Supplied data:
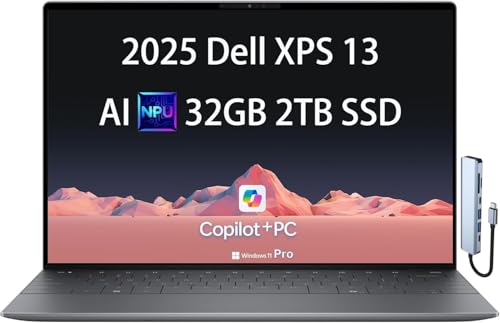 Image of NewDell XPS 13 9345 Laptop, Copilot+ AI PC (13.4 inch FHD+ 120Hz,12Core Snapdragon X Elite(>i7-1355U), 32GB LPDDR5X RAM, 2TB SSD), Thin & Light, Long Battery Life, IR Webcam, Wi-Fi7 Win 11 Pro, USB C Hub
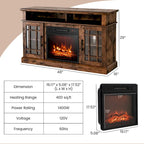 Gymax 48 TV Stand Console Cabinet w/ Fireplace Entertainment Center
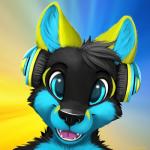 anthro black_headphones blue_eyes blue_headphones electronics fur hair happy headphones looking_at_viewer male multicolored_headphones open_mouth simple_background smile solo teeth tongue yellow_headphones jamesfoxbr canid canine canis fox mammal wolf 1:1 2014 bust_portrait digital_media_(artwork) icon portrait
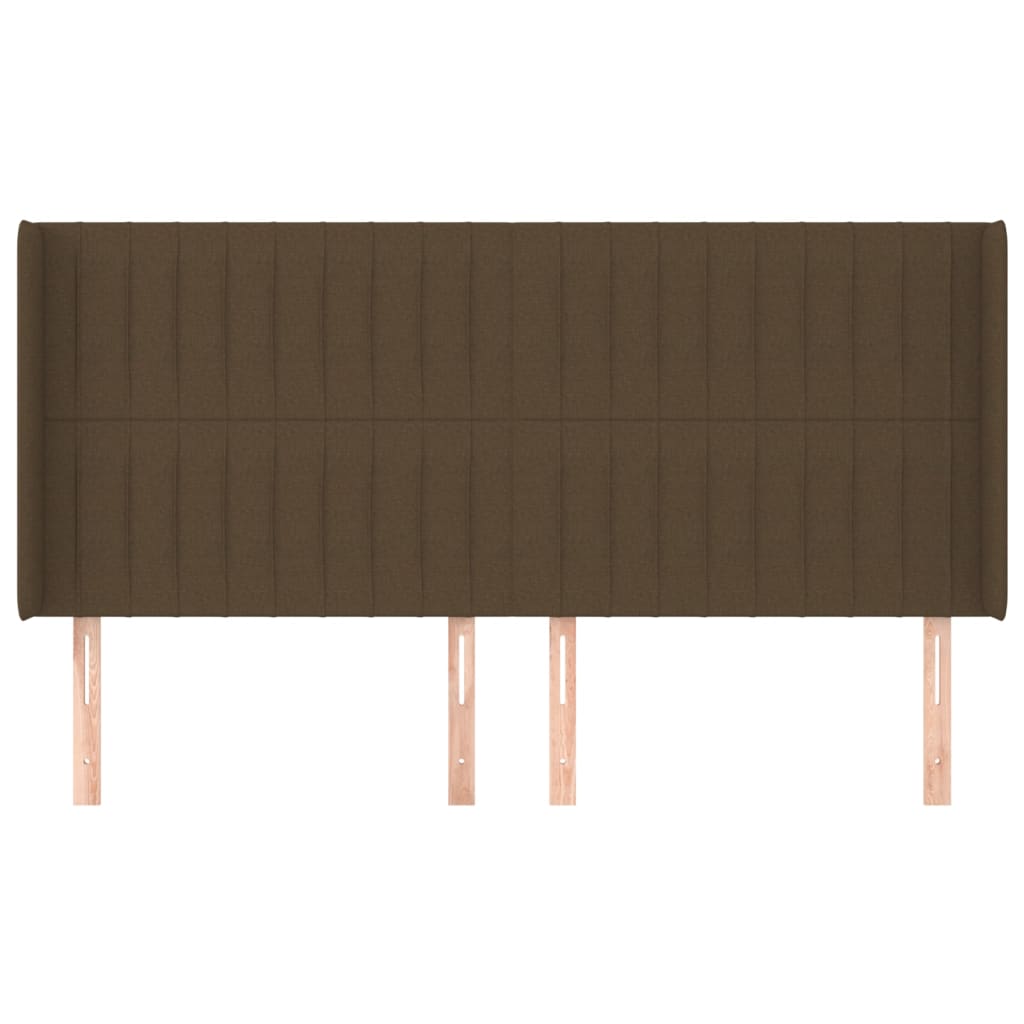 Hoofdbord met randen 163x16x118/128 cm stof donkerbruin – afbeelding 3
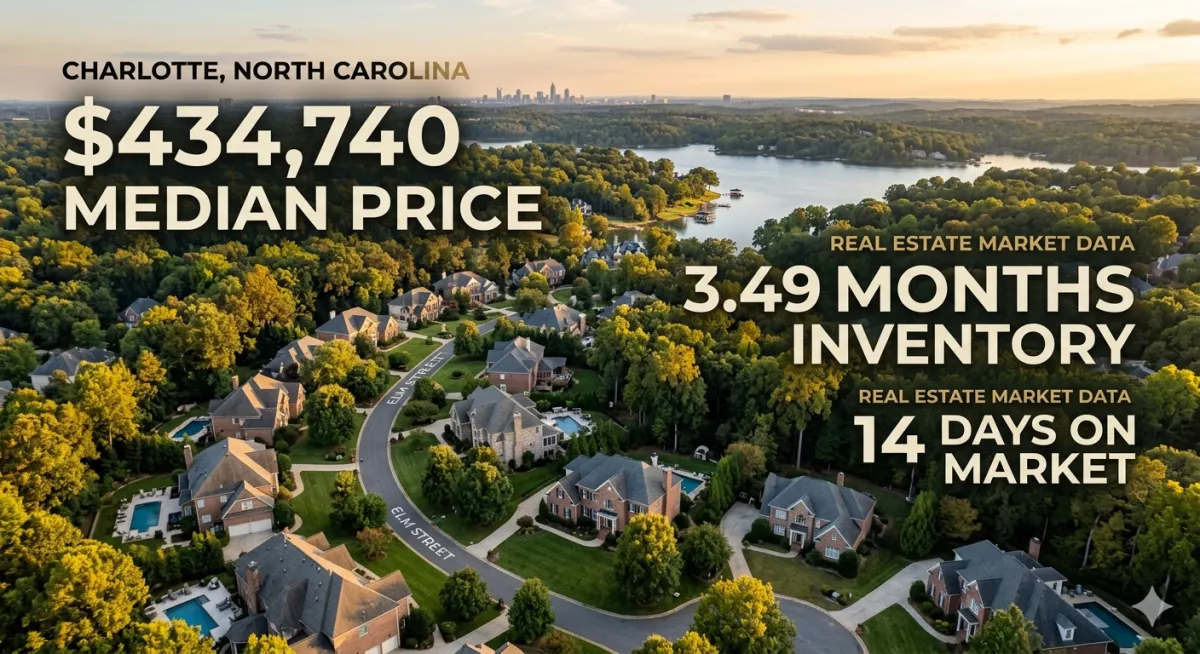 Charlotte NC real estate market update May 2026 — homes for sale in Charlotte with market data overlay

What this task involves:
Leaving out every picture, repeat exactly the lines of the records from the start through the line that has "Hoofdbord met randen".

Output below:
 Image of NewDell XPS 13 9345 Laptop, Copilot+ AI PC (13.4 inch FHD+ 120Hz,12Core Snapdragon X Elite(>i7-1355U), 32GB LPDDR5X RAM, 2TB SSD), Thin & Light, Long Battery Life, IR Webcam, Wi-Fi7 Win 11 Pro, USB C Hub
 Gymax 48 TV Stand Console Cabinet w/ Fireplace Entertainment Center
 anthro black_headphones blue_eyes blue_headphones electronics fur hair happy headphones looking_at_viewer male multicolored_headphones open_mouth simple_background smile solo teeth tongue yellow_headphones jamesfoxbr canid canine canis fox mammal wolf 1:1 2014 bust_portrait digital_media_(artwork) icon portrait
 Hoofdbord met randen 163x16x118/128 cm stof donkerbruin – afbeelding 3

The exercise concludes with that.